Saved entries:
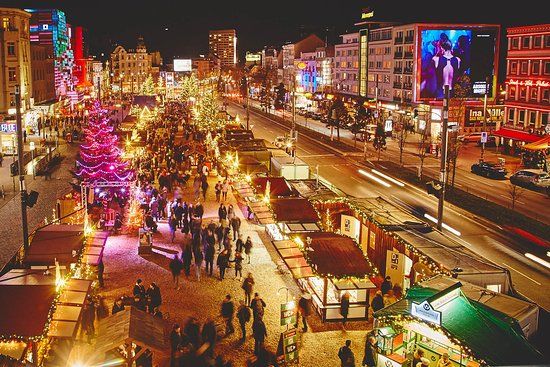 Place Spielbudenplatz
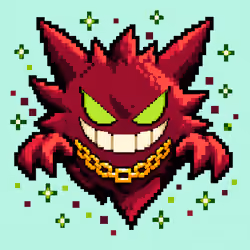 RH-GENGAR #0513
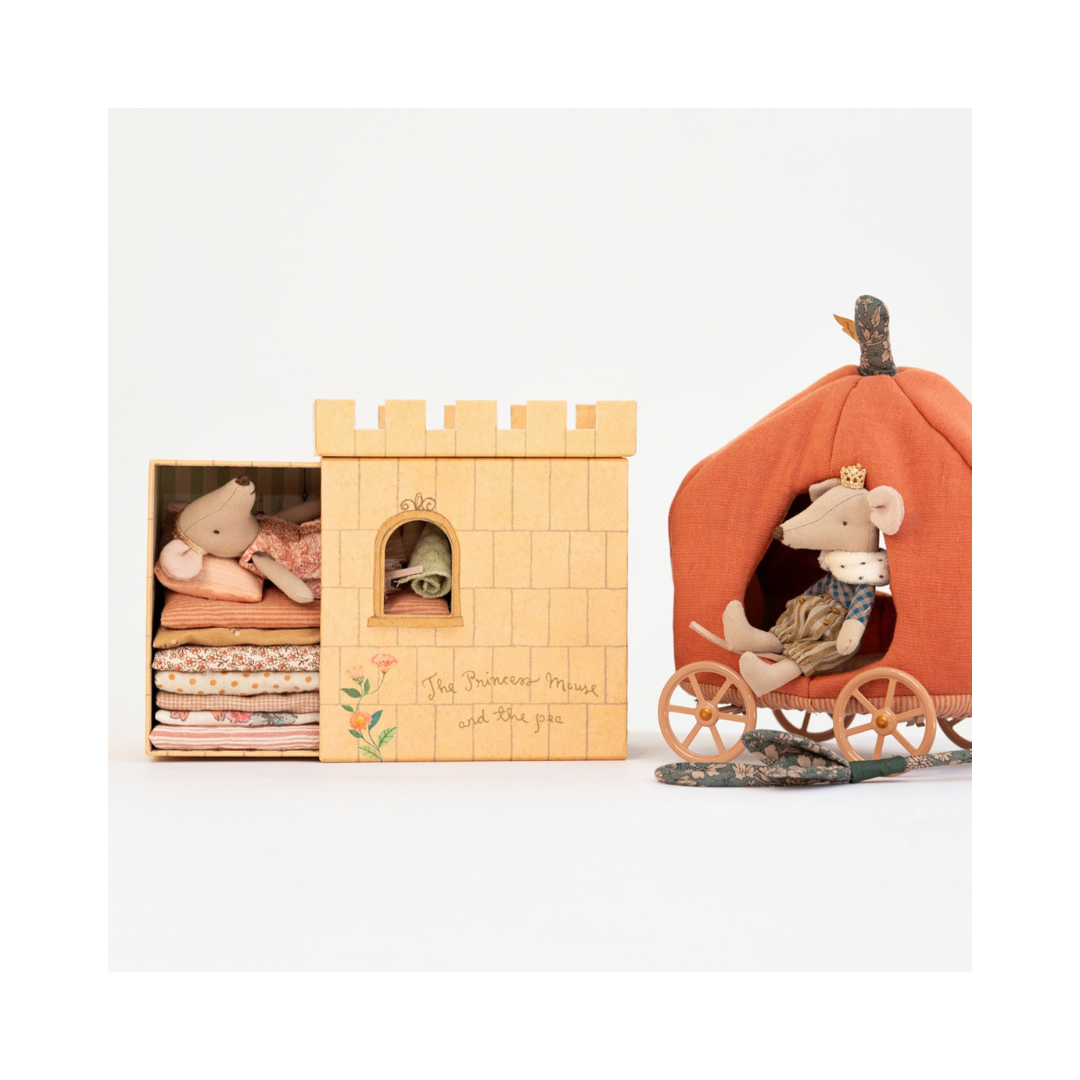 The Mouse Adventures: Fairytale Collection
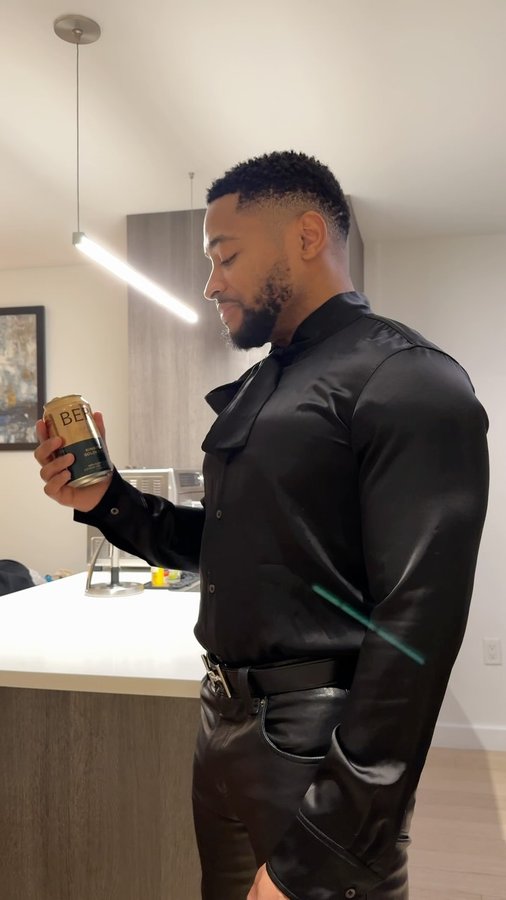 Instagram post by @cmcnaughtak for Berobrewing. Caption reads: BERO is the perfect choice for your next party.....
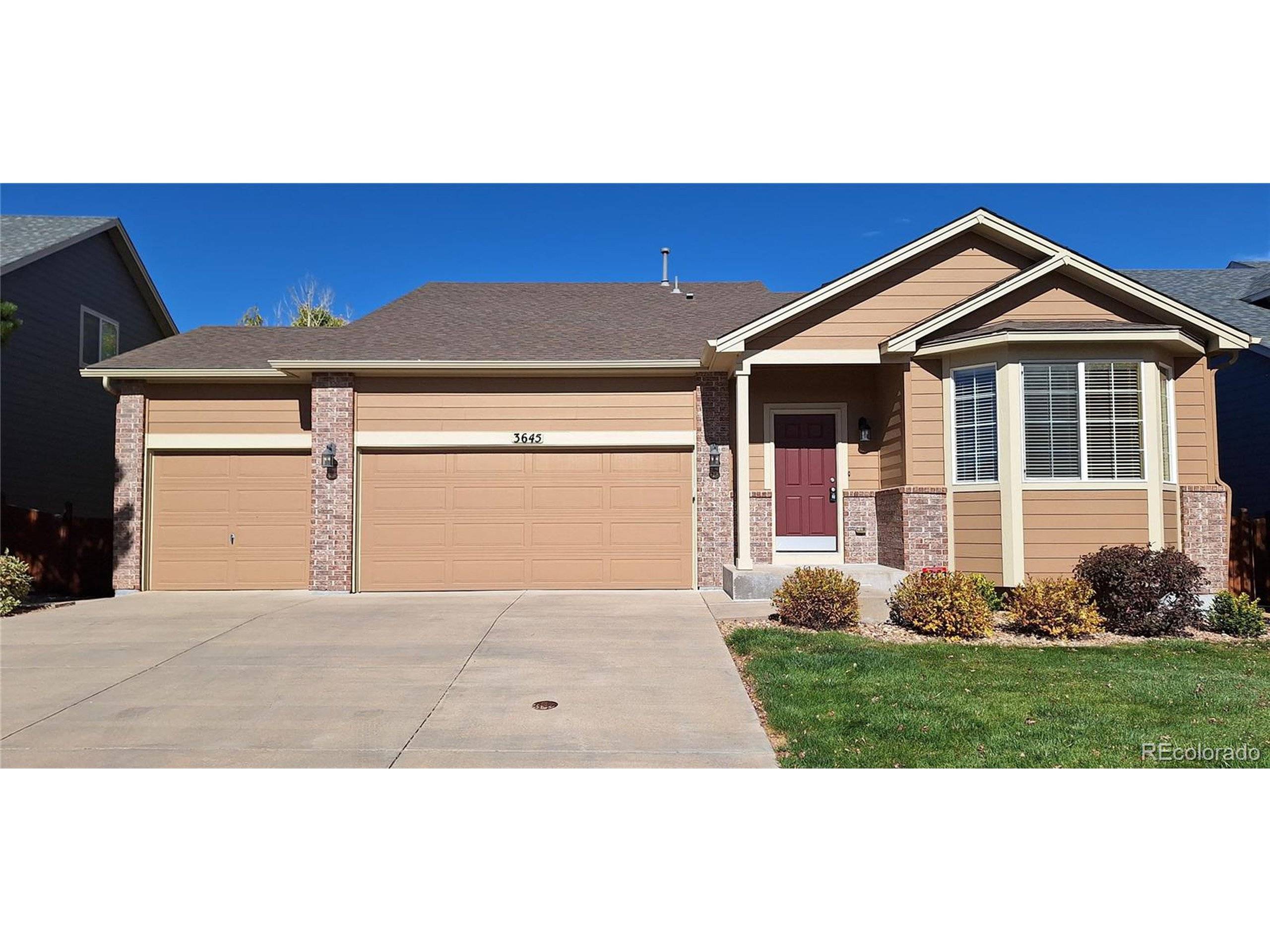 Castle Rock, CO 80108,3645 Desert Ridge Cir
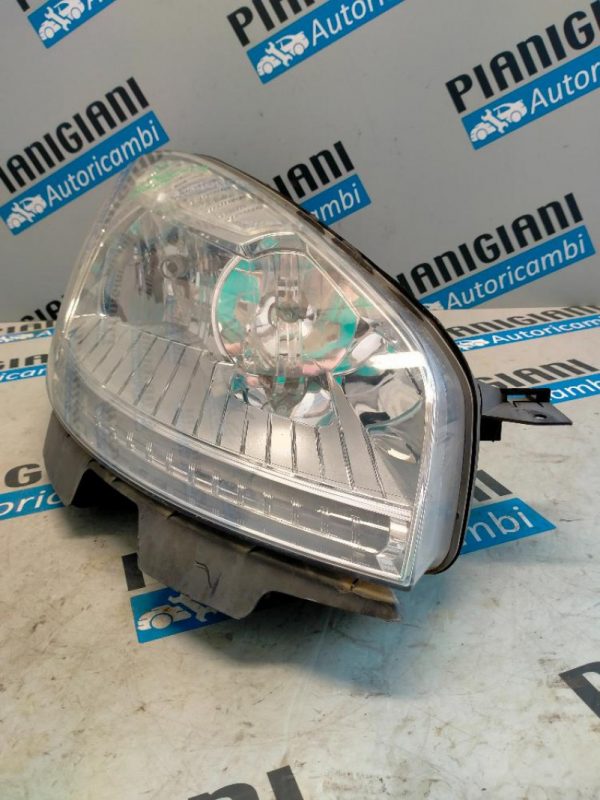 Faro Anteriore Destro Citroen C4 Picasso 2011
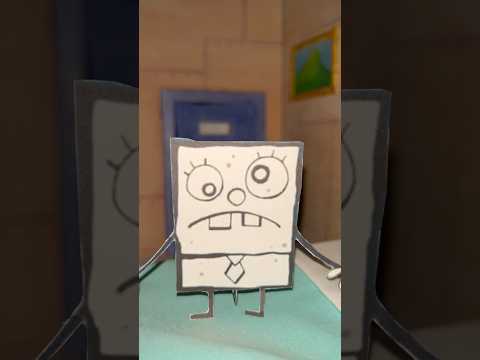 Goo goo ga ga #doodle #scary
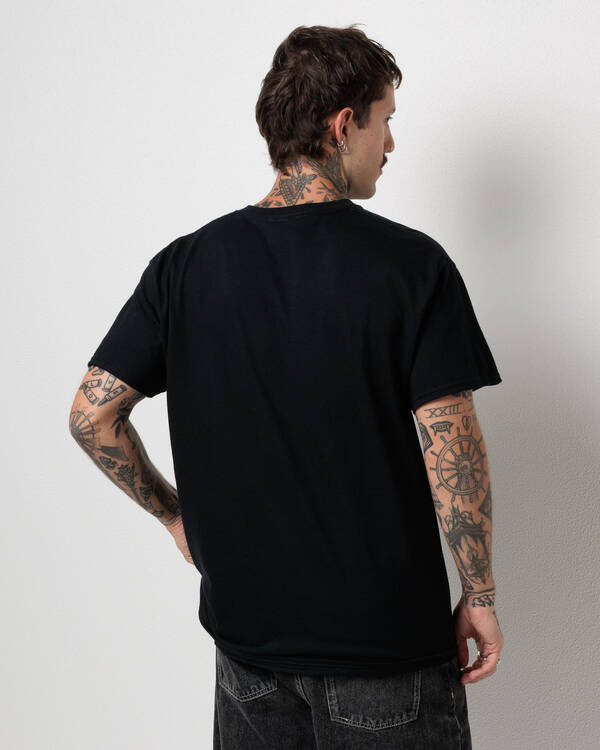 Thrasher x Spitfire Big Head T-Shirt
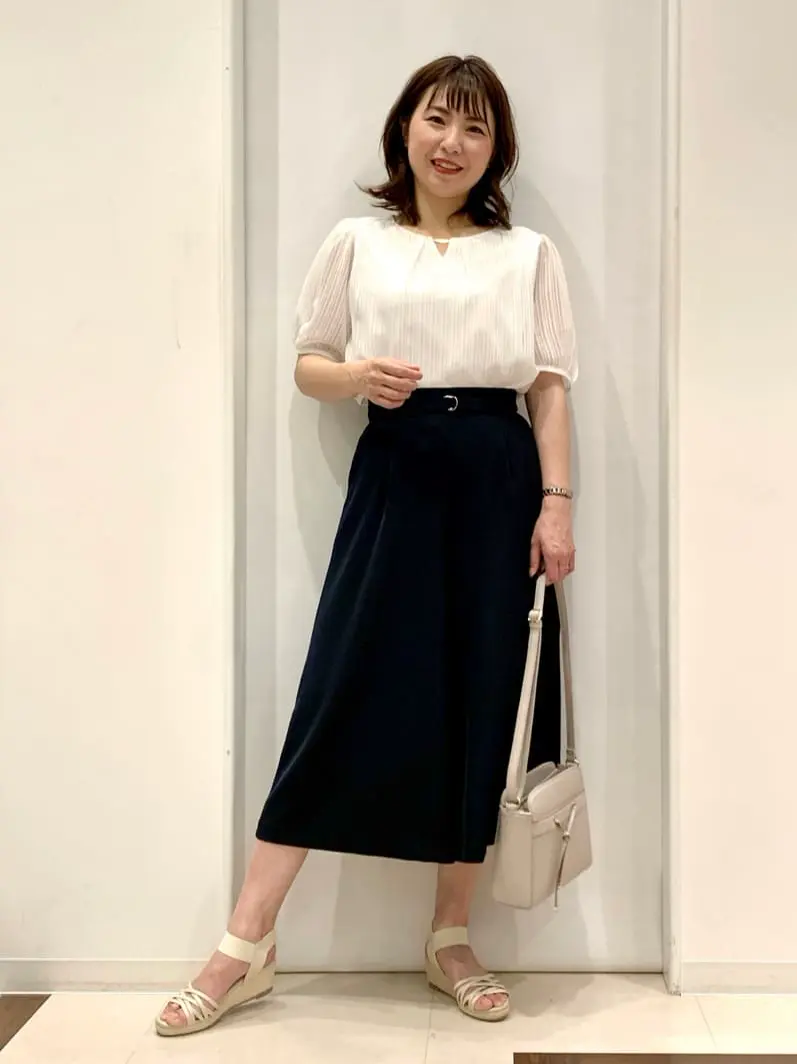 ANY SIS 横田 コーディネート画像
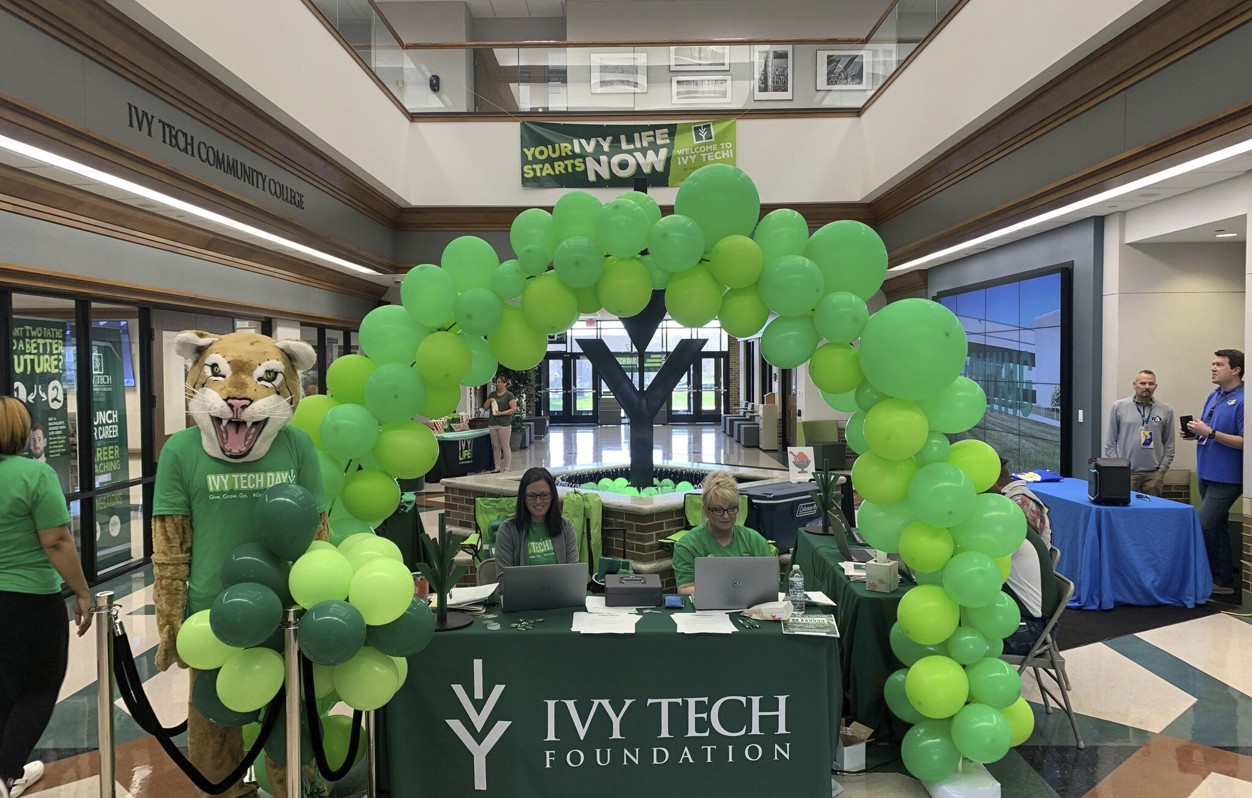 Richmond - Ivy Tech Community College Richmond - Ivy Tech Community College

### EXERCISE OBJECTIVE
The line containing "ANY SIS 横田 コーディネート画像" marks where the copy ends; print every line before it from the start of the records, and that line too, but no pictures.

### RESPONSE TO THIS EXERCISE
 Place Spielbudenplatz
 RH-GENGAR #0513
 The Mouse Adventures: Fairytale Collection
 Instagram post by @cmcnaughtak for Berobrewing. Caption reads: BERO is the perfect choice for your next party.....
 Castle Rock, CO 80108,3645 Desert Ridge Cir
 Faro Anteriore Destro Citroen C4 Picasso 2011
 Goo goo ga ga #doodle #scary
 Thrasher x Spitfire Big Head T-Shirt
 ANY SIS 横田 コーディネート画像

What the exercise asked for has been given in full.